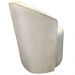 Poltrona Redonda Serena Suede Bege Base Fixa C05 - D'Rossi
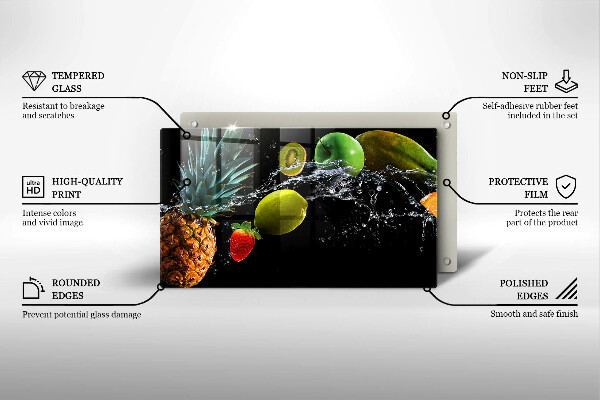 Deska za sporák Ovoce ve vodě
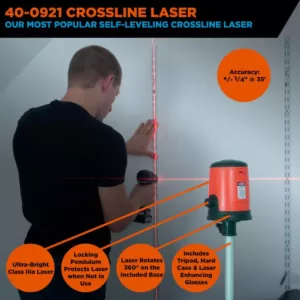 Johnson Self-Leveling Cross-Line Laser Level Kit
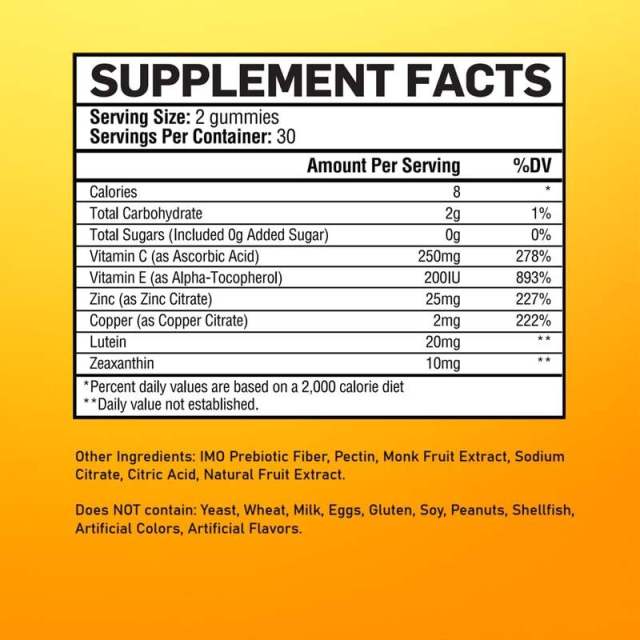 Blue Light Protection Lutein Zeaxanthin Gummies,MY SHOP,Blue Light Protection Lutein Zeaxanthin Gummies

■ WHAT TO PRODUCE: The lines to repeat run from the line containing "Johnson Self-Leveling Cross-Line" through the end of the listing above, both included; give them exactly and without pictures.

■ OUTPUT OF THE EXERCISE:
 Johnson Self-Leveling Cross-Line Laser Level Kit
 Blue Light Protection Lutein Zeaxanthin Gummies,MY SHOP,Blue Light Protection Lutein Zeaxanthin Gummies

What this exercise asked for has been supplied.